Elfman scaled back the heroics for this effort, complementing Burton’s greater focus on Batman’s adversaries. Penguin’s theme is a lament in the tenor and bass region, led by the harp and wind section, accompanied at times by a distinctly Elfman-esque female choir. Catwoman is treated primarily with grating violin glissandi (one can almost hear the mewling of a feline), with an additional descending melody as equally lamentable as and a little more heart-wrenching than Penguin’s. The blending and interplay between these themes and Batman’s theme lends the third act a great dramatic and narrative heft. On paper, Elfman gets everything right. His new themes epitomize the damaged souls of the central characters and they mingle well with each other and are properly developed over the course of the score. The film is less brashly action packed and more melancholy than its predecessor with the added weight of the Christmastime setting, all of which Elfman expertly accentuates.
|1993 Reprise release|
Batman: Mask of the Phantasm (1993) – Shirley Walker
Success breeds success, and out of the success of Burton’s Batman films grew Batman: The Animated Series, which ran for three years in the early ‘90s. The show was praised for its dark tone, animation, and storytelling, and inspired a theatrical film set in the same universe. In it, Batman (voice of Kevin Conroy) must stop a mysterious killer who dresses like him, all while confronting an old flame (Dana Delany) and his perpetual nemesis the Joker (Mark Hamill – yes, that Mark Hamill). Lending her music to the film was Shirley Walker, who was the primary contributor to the music of The Animated Series and played an instrumental role as orchestrator for Elfman’s Batman. Needless to say, Walker was the most qualified composer for the job, and she doesn’t disappoint, crafting a score that, while distinctly different in style to the other Bat-scores, still captures the essence of the Dark Knight.

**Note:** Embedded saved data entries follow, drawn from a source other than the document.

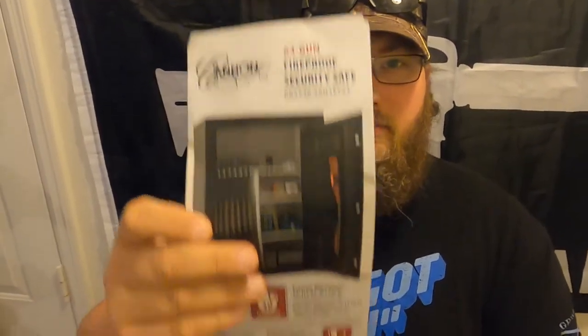So there are a few things we didn't go over yesterday. It says Cannon since 1965, 64 gun safe, fireproof, and security safe. Holds up to 64 long guns, 30 minute fireproof. It is 55 inches high, 40 inches wide, and 24 inches deep — depth not including lock and handle.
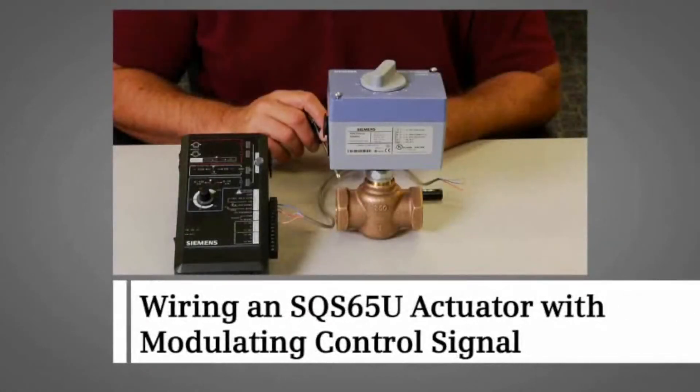This video demonstrates wiring of the SQS-65U to a controller that uses a 0 to 10 VDC control signal.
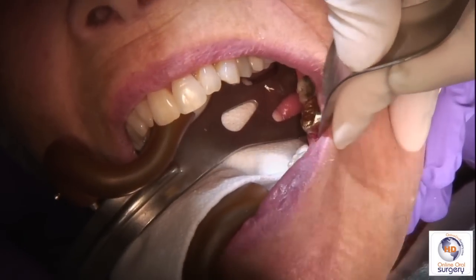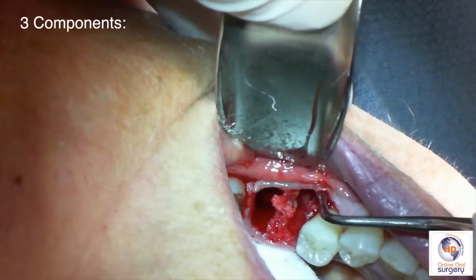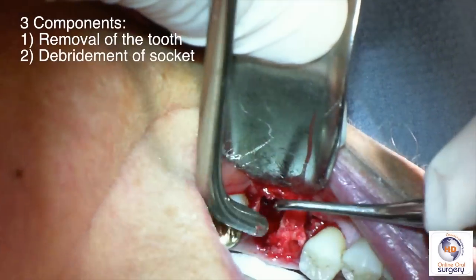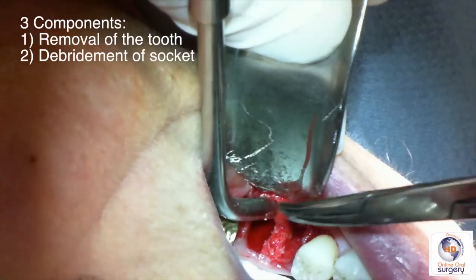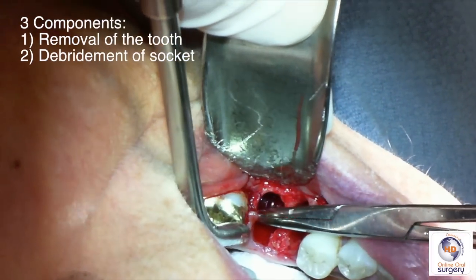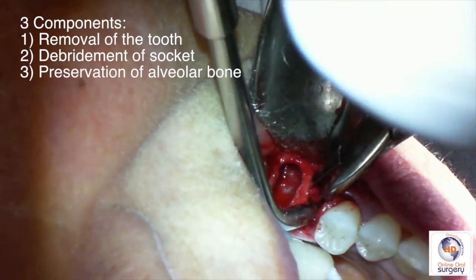Now that the tooth is out, our job is only a third of the way done. I like to think of an extraction as having three components. The first is removal of the tooth itself. The second is to thoroughly debride the socket of all granulation tissue, infected tissue, and any debris that can interfere with healing or may serve as a nidus of infection in the site. The third part of the procedure is to then prepare the socket for the eventual implant — and that's the ridge preservation graft, which we'll do next.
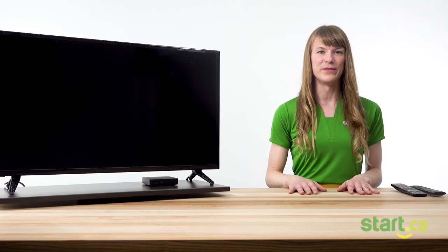Hi, I'm Emi from the Start.ca Service Desk, and today we're going to walk you through your first time experience as a Start TV customer. This video is going to presume that you've already connected directly to the TV, but the process should be the same if you're going through your home theater system instead. If you still need to get connected, we recommend that you check out our support video on connecting your hardware.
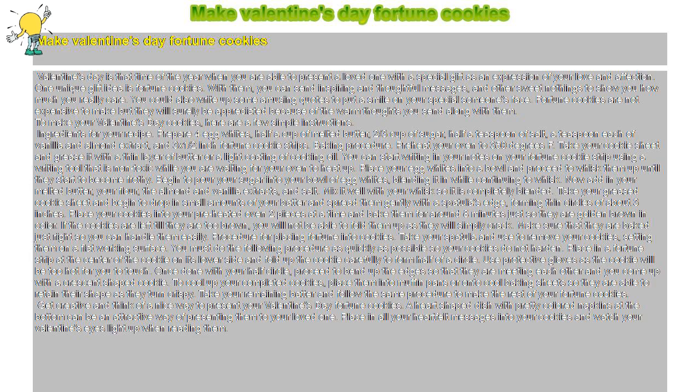Take your greased cookie sheet and begin to drop in small amounts of your batter and spread them gently with a spatula's edge, forming thin circles of about three inches. Place your cookies into your preheated oven two pieces at a time and bake them for around eight minutes just so they are golden brown in color.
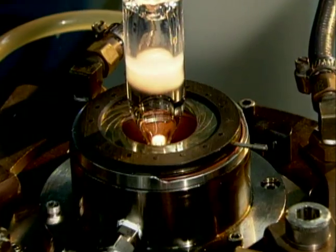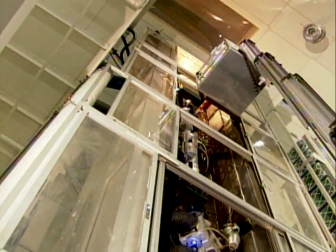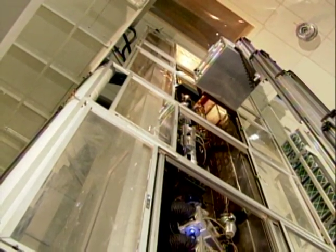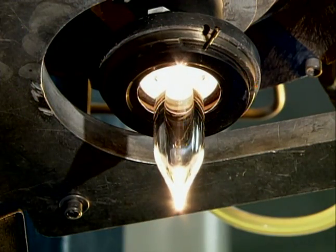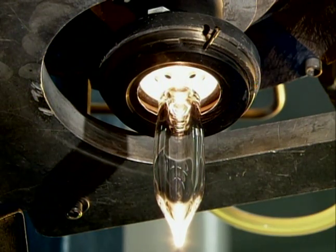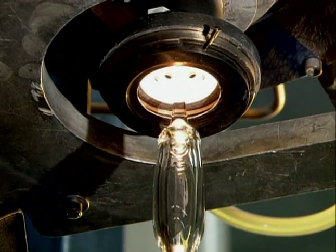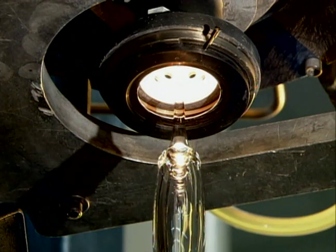The preform is fixed to a precision feed and lowered through a furnace located at the top of a vertical drawing tower. At temperatures approaching 2000 degrees centigrade, the glass softens and elongates, emerging from the bottom of the furnace as a thin fiber or capillary with both the interior and exterior shape intact.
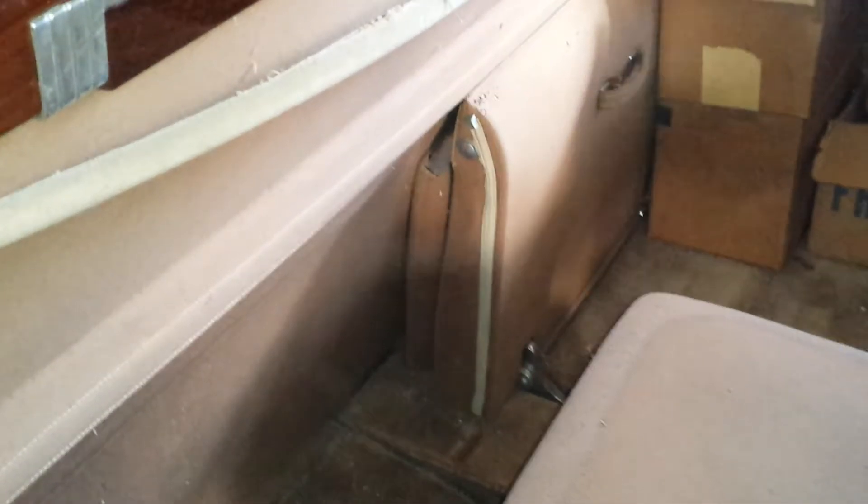These are the jump seats — they obviously work and the fabric is still in fairly good shape with a few little dings and scratches but nothing really to speak of. That's about the worst of it for the back seat fabric. There's some dirt on the jump seat but it cleans off okay. Inside behind the jump seat, the grab holder is still in pretty good shape and the wood trim here is still good.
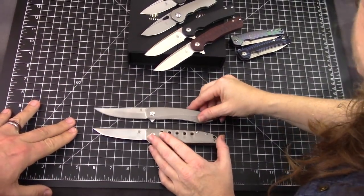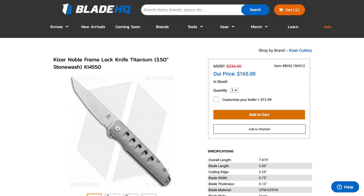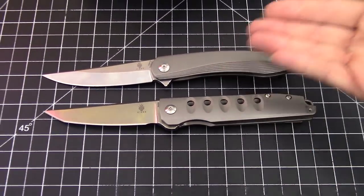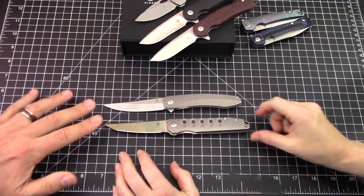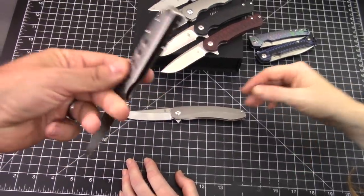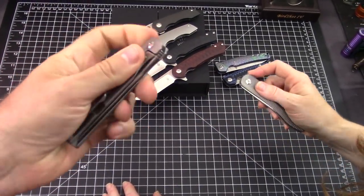These are brand new releases. The Zen is priced at $159 and the Noble at $165, so about the same price. There's only one variety of each right now - gray titanium, S35VN on both, pretty much three-and-a-half-inch blades on each. The Noble is probably more suited if you have large to extra large hands.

Batman is represented with a rising theme that sometimes continues its heroic ascent, but sometimes falls back down, reemphasizing the duality of Batman and Bruce Wayne. In either incarnation, it remains firmly in the bass region, just as Gotham’s hero uses the shadows of his city to aid him. Walker also boosts the operatic, larger than life aspect of the proceedings with a full choir, vaguely reminiscent of both Basil Poledouris’ The Hunt for Red October and Elfman’s cooing choir from Batman Returns. The choir is heard prominently in “Main Title” and reveals a more sensitive side in “First Love” and “The Birth of Batman.” The centerpiece of the score is “The Big Chase,” which rapidly twists its way through a variety of tempos and rhythms, even giving the militaristic snare of Batman a few rips for good measure. The original score release is available digitally and contains about half an hour of Walker’s score. An expanded release from La-La Land Records was printed in 2009, but is sadly out of stock and very difficult to find. Even on its abridged release, Walker’s Mask of the Phantasm score is quite excellent and while it may not offer any hair-raising moments on par with anything from Elfman’s original, provides plenty to enjoy.